§ **Task material**
::::::::::

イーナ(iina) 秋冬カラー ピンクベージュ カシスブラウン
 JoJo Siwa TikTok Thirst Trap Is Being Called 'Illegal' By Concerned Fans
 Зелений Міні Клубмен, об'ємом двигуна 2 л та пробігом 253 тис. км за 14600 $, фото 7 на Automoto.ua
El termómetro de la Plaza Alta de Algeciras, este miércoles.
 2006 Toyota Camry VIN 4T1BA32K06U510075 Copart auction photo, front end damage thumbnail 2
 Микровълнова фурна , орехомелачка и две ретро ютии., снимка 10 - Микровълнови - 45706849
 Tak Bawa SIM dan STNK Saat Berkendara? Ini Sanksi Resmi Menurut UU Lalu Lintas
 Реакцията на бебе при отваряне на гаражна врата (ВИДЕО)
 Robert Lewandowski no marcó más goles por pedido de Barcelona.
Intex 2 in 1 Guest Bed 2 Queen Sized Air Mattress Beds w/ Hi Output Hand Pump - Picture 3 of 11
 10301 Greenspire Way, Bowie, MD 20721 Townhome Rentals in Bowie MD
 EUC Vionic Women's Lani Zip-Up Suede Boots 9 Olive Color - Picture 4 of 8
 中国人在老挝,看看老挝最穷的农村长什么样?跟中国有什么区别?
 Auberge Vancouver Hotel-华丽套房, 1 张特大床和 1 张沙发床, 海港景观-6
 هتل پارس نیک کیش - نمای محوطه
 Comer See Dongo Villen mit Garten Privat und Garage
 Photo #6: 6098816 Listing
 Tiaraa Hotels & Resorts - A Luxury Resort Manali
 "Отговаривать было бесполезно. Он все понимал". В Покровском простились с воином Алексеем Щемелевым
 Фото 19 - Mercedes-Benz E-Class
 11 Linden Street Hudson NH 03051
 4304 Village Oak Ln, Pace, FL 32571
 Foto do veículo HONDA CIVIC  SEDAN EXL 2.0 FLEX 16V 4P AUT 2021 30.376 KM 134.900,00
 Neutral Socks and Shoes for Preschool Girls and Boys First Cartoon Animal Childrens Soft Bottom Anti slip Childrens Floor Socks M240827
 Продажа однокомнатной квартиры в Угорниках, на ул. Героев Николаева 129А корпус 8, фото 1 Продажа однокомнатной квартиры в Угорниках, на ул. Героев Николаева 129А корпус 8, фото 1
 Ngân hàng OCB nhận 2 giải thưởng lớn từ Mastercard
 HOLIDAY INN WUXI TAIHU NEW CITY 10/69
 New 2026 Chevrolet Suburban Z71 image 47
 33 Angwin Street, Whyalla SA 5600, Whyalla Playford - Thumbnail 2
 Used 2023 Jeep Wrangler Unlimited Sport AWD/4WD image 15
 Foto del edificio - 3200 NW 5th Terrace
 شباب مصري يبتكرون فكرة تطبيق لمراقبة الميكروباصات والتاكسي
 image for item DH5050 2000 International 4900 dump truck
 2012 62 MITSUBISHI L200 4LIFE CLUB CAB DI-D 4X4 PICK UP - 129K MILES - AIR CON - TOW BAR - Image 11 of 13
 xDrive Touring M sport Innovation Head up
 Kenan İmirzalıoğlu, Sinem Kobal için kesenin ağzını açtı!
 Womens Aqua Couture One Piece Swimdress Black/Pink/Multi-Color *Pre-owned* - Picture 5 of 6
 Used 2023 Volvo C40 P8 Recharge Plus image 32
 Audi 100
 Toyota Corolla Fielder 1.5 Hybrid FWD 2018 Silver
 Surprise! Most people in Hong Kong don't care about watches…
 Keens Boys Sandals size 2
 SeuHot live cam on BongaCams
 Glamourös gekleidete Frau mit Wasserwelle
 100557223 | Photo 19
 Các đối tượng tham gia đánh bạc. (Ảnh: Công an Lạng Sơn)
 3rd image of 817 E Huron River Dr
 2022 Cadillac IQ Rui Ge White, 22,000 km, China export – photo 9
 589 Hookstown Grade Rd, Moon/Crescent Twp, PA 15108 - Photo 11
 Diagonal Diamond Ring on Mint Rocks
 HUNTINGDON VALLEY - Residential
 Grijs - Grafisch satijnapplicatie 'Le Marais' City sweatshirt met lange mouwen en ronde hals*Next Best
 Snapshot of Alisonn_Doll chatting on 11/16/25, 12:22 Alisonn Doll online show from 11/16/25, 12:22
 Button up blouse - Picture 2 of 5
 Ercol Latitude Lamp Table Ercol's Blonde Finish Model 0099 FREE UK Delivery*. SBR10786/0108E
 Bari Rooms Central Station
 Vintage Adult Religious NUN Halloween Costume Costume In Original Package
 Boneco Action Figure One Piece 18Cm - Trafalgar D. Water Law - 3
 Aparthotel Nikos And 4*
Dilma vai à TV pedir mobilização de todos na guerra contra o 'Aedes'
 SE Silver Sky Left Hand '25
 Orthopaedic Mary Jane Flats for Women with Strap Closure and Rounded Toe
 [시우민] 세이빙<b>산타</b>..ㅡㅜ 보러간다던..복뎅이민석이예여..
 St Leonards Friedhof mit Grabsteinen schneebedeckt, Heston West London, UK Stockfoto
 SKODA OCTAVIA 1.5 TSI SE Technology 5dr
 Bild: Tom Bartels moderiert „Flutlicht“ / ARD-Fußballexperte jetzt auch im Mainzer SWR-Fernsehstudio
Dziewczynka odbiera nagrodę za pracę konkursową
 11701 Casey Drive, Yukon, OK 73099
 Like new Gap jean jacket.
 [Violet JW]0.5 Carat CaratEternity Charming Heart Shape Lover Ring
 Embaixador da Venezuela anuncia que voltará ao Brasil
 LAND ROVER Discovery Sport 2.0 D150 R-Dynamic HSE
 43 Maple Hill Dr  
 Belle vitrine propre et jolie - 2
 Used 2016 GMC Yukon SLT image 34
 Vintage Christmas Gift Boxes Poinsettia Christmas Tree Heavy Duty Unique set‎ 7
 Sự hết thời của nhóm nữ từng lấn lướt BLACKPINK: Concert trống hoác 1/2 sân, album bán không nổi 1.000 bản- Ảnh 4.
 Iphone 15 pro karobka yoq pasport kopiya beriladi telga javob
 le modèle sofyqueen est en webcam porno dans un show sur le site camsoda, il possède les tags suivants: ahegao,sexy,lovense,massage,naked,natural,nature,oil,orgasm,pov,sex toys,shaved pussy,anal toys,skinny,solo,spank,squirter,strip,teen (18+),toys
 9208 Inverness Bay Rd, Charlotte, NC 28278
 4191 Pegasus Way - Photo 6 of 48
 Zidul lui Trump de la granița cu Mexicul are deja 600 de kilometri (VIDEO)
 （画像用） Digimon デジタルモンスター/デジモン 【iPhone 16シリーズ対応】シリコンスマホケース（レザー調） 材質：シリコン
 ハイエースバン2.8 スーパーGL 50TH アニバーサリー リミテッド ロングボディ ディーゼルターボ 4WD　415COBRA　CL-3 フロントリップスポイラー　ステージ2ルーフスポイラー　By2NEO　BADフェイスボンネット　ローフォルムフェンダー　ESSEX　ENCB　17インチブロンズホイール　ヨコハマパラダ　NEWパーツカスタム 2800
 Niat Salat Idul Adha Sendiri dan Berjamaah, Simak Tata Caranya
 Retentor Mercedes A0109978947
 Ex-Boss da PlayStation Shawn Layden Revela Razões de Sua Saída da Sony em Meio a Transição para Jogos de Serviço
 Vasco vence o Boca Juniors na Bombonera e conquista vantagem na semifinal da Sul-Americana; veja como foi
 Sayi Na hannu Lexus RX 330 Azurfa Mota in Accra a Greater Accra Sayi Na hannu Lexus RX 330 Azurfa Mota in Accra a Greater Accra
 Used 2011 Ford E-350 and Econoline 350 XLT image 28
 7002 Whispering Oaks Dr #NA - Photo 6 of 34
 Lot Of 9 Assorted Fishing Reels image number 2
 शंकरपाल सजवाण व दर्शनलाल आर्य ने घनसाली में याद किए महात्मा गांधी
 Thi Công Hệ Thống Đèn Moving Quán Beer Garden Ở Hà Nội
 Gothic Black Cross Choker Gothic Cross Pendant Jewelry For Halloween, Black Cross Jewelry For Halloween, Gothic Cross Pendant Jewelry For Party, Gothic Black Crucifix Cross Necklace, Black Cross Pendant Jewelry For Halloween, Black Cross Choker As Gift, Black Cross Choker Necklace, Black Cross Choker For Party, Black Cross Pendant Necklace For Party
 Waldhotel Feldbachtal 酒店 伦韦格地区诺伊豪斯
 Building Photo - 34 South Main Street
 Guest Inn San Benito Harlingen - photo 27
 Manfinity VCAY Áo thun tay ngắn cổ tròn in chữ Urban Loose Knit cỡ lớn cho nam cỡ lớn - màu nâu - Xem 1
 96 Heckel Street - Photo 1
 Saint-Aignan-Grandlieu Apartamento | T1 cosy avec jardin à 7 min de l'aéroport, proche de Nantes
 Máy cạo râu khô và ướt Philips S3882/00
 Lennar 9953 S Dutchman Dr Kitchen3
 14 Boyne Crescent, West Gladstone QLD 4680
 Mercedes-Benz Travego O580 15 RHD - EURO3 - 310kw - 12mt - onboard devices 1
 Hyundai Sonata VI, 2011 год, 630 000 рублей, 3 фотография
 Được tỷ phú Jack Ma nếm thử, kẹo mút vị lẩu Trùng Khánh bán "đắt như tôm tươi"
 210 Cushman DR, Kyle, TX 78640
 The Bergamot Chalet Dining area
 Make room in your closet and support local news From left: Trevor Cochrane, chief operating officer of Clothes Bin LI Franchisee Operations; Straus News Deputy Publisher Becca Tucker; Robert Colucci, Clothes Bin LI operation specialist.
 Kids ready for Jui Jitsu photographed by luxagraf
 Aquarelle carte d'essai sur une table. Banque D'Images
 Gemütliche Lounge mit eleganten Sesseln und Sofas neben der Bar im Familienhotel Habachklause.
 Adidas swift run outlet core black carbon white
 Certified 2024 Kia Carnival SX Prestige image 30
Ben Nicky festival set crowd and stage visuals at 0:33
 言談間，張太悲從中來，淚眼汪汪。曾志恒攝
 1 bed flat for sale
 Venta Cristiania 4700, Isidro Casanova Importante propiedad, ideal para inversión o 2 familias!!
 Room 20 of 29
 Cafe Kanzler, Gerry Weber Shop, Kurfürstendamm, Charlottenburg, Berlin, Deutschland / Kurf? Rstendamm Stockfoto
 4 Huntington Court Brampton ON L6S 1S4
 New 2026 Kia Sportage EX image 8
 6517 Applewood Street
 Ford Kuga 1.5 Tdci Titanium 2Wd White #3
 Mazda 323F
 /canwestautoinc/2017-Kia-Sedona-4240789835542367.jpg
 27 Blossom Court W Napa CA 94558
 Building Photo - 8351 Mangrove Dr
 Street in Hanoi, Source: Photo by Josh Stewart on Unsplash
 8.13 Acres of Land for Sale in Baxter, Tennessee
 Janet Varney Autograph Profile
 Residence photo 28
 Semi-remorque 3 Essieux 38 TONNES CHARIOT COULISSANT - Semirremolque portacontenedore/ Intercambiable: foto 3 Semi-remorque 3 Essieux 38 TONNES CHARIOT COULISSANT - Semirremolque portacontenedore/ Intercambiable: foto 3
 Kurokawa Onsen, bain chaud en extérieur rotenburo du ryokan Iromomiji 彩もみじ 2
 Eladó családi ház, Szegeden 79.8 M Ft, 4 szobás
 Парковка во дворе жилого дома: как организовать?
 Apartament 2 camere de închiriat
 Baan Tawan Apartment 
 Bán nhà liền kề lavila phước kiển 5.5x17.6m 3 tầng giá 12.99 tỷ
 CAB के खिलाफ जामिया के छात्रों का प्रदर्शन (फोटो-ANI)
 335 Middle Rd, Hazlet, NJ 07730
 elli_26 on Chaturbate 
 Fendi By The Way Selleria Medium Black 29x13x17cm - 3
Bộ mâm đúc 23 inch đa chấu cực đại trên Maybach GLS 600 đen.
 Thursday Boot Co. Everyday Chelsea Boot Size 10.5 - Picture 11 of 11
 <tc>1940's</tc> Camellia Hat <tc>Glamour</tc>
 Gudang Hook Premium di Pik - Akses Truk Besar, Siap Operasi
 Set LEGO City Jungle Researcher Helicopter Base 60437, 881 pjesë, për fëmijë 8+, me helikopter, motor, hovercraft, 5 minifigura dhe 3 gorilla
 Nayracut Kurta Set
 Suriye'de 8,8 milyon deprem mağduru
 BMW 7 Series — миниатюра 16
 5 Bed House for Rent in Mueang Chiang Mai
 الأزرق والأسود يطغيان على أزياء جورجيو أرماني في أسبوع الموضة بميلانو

::::::::::

§ **Your objective**
Look above for the line containing "Like new Gap jean jacket." and the line containing "Sự hết thời". Transcribe both, with the lines between them, exactly.

§ **Answer area**
 Like new Gap jean jacket.
 [Violet JW]0.5 Carat CaratEternity Charming Heart Shape Lover Ring
 Embaixador da Venezuela anuncia que voltará ao Brasil
 LAND ROVER Discovery Sport 2.0 D150 R-Dynamic HSE
 43 Maple Hill Dr  
 Belle vitrine propre et jolie - 2
 Used 2016 GMC Yukon SLT image 34
 Vintage Christmas Gift Boxes Poinsettia Christmas Tree Heavy Duty Unique set‎ 7
 Sự hết thời của nhóm nữ từng lấn lướt BLACKPINK: Concert trống hoác 1/2 sân, album bán không nổi 1.000 bản- Ảnh 4.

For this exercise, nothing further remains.